→ Your task
Within the material below, transcribe exactly the lines from the one holding "Emily online show from July 16, 10:21 am" through the one holding "255 N Yale, Hemet, CA 92544 - #2", keeping both ends and skipping the rest.

→ The data
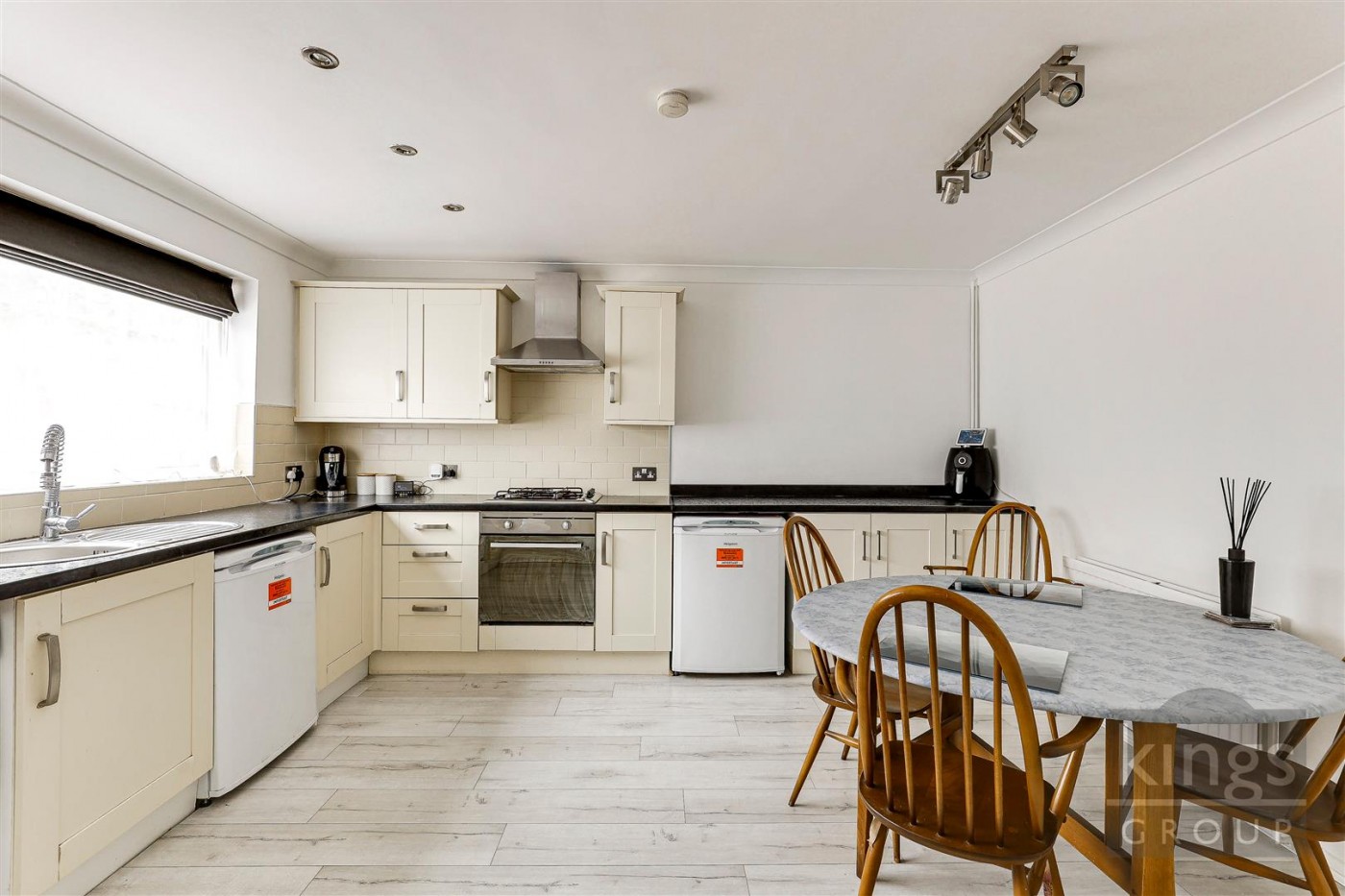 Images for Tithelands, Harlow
* * *
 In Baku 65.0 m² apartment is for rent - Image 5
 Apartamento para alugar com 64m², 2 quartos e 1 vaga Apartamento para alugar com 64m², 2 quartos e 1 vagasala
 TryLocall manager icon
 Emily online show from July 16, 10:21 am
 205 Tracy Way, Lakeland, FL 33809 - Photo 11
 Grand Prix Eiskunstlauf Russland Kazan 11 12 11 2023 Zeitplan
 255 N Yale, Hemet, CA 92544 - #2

→ Solution to the problem
 Emily online show from July 16, 10:21 am
 205 Tracy Way, Lakeland, FL 33809 - Photo 11
 Grand Prix Eiskunstlauf Russland Kazan 11 12 11 2023 Zeitplan
 255 N Yale, Hemet, CA 92544 - #2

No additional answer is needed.